Thank you for sharing that! I looked up treatments, and they reccomend ivomecPlus injectable. I can't get ivomecPlus here, does anyone know of any equivalent?

I wish you could all feel it, it seems to have become larger, rounder, and lower. But its really hard to see in the photos. I was able to get him to take a handful of hay, but I think he mostly just played with it in his mouth.


----------



## TheMixedBag (Oct 16, 2010)

From what I can find, it's either IvomecPlus or the Clorsulon portion itself (Curatrem, according to one article). Liver fluke's nasty, and that's pretty much the only way to treat it. I'd send you my bottle if I could, but I don't know that that's even legal or possible.

In the bottom pictures, it doesn't really look attached to anything but his dewlap, making me think it may be a massive abscess that could be causing pain aorund the jaw/throat area, making him not want to eat. I don't really know if it's suggested, but you could try a painkiller and see if that doesn't help a bit.


----------



## Happy Hobby Farmer (May 16, 2011)

TheMixedBag said:


> I'd send you my bottle if I could, but I don't know that that's even legal or possible.


That's okay, canada post is on strike anyway :roll: .

It is in his dewlap mostly, but still connected to his throat.

I've been trying to get the vet all day, no luck yet.


----------



## TheMixedBag (Oct 16, 2010)

You could try Ibuprofen or aspirin for now and see if that doesn't improve anything, at least while you're trying to get ahold of the vet. According to Fiasco's site, aspirin is 1 pill per 10lb, and ibuprofen is twice the human dose.


----------



## goathiker (Apr 14, 2011)

The Canadian brand of Iver-plus is called Noromectin Plus. It's exactly the same. Dosed at 1cc. per 33lbs.
I've also seen lumps something like that from goats sticking their heads thru cattle panels. (Zinc poisoning from the galvinized coating).
The iodine may or may not work. It's one of the old wives tales. Kelp contains Iodide which is the nutrient missing in goiter.


----------



## Randi (Apr 22, 2011)

Mine has not changed since I first noticed it. The vet is coming Monday for some other issues and I will point it out to him.


----------



## Happy Hobby Farmer (May 16, 2011)

Alright, it is NOT goiter and deffinitely an abcess of some sort.

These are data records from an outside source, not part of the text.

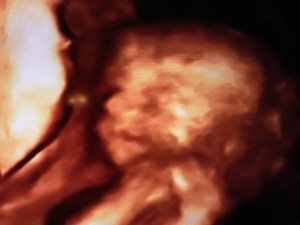 Megans Precious Baby
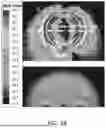 Fig. 28 - NONINVASIVE WATER CONTENT SENSOR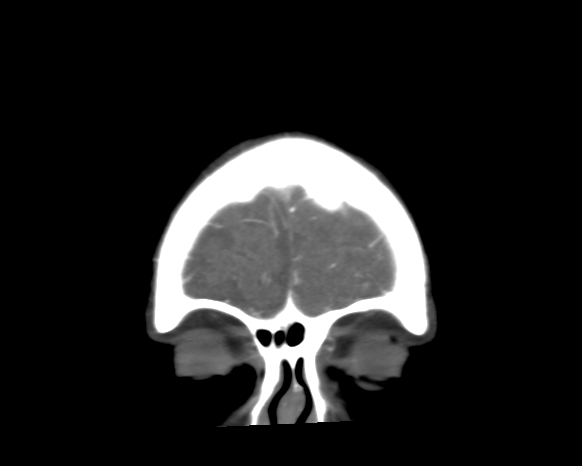 Cerebral arteriovenous malformation with lobar hemorrhage (Radiopaedia 44725-48511 A 7).png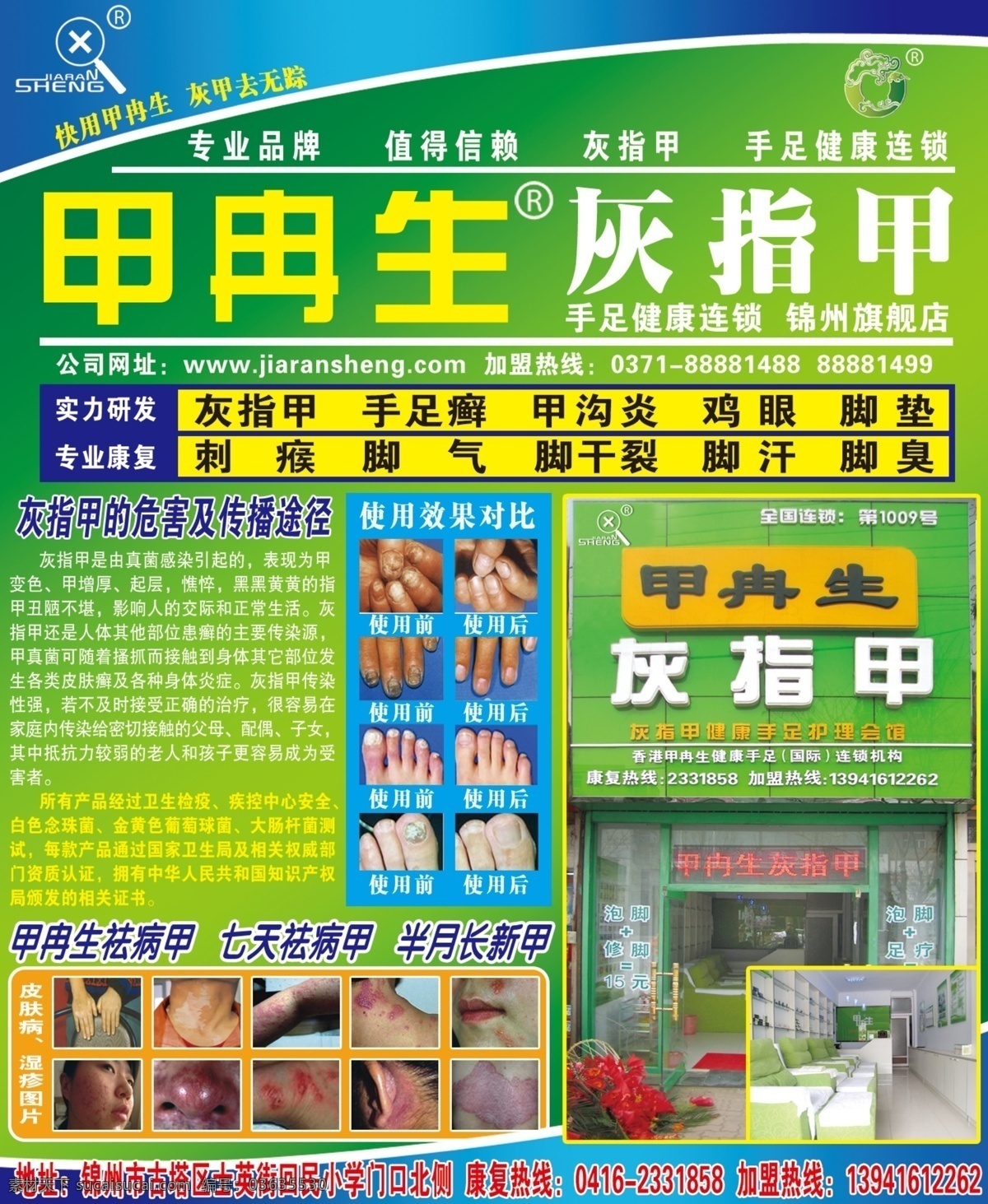 甲冉生 灰指甲 对比图 门脸 背景 标志 绿色背景 dm宣传单 广告设计模板 源文件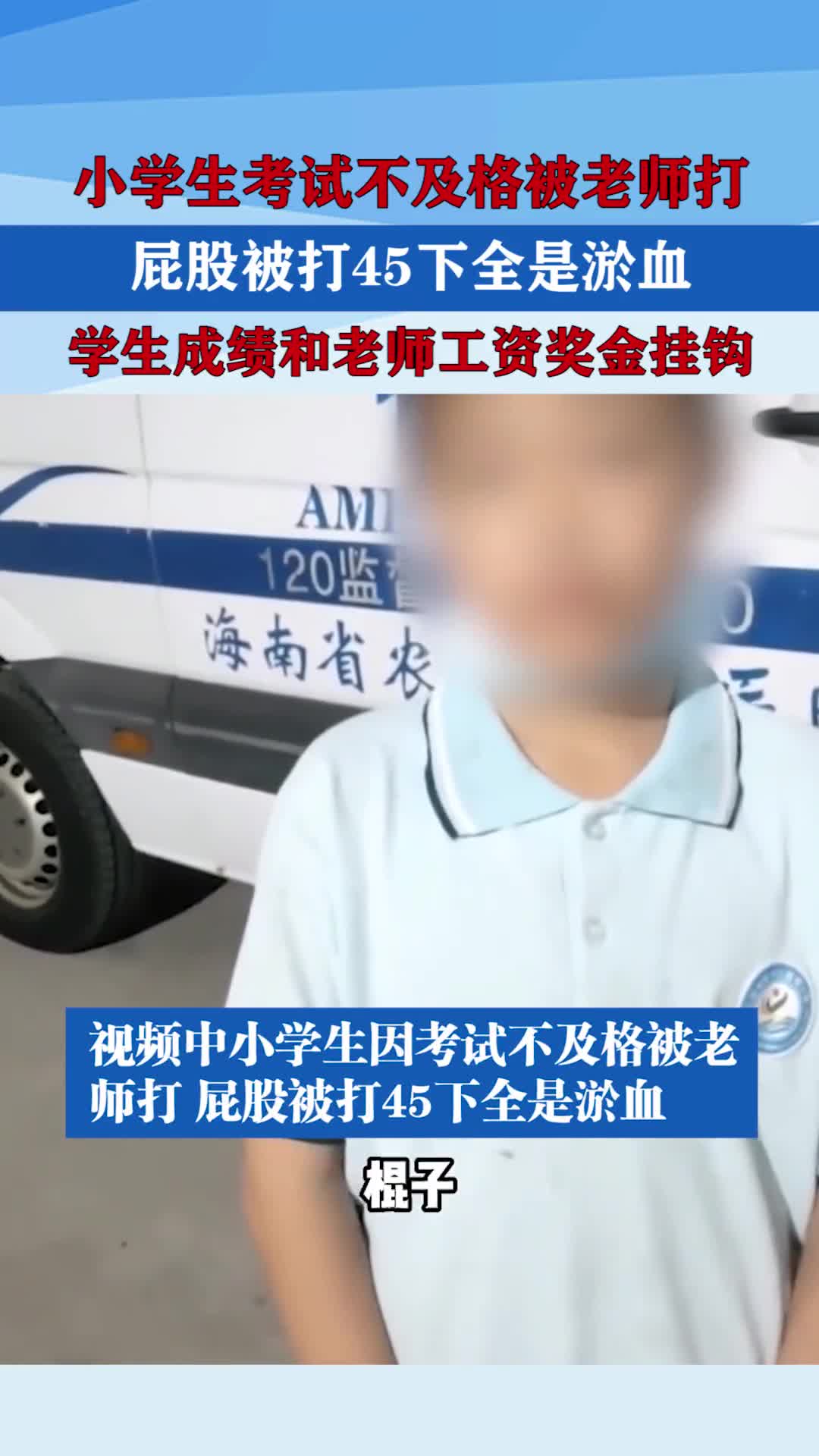 孩子因考试考不及格被打屁股上都是伤网友成绩和奖金工资是挂钩的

The vet took a sample of the fluid in the abcess for testing, it was a white fluid with a pinkish tint to it, and he didn't take very much. He does not think its CL, but we'll see. Now the part that confused me: He lanced it, but nothing came out, not even a little bit. Just a bit of blood. Is that normal?????
All he said was that we should keep an eye on it & keep it clean and he'll get back to us with the results.

I also asked about liverfluke, and he said not with our setup and he's never heard of it in our area. I did check with the feed stores, and no one carries the Noromectin Plus, just the regular Noromectin (which is what we use).


----------



## toth boer goats (Jul 20, 2008)

Quite bizarre... that nothing came out of there.... it is huge :shocked: ...did the vet cut deep enough to get to it? :hug:


----------



## Happy Hobby Farmer (May 16, 2011)

It looks even bigger now that its shaved.

I've never seen a lance like this, he did a 1/2 inch X. Maybe its not deep enough....poor guy. I wish we could change vets, but this is the only one available to us, not too informed about goats though.


----------



## liz (Oct 5, 2007)

With an incision that deep...I'd have to say that this is likely a tumor of sorts because an abcess even if it wasn't "ripe" would have still yielded and there would have been a mess as well as the lump would have deflated. I hope your boy can recover and I hope the lab work comes back soon with answers.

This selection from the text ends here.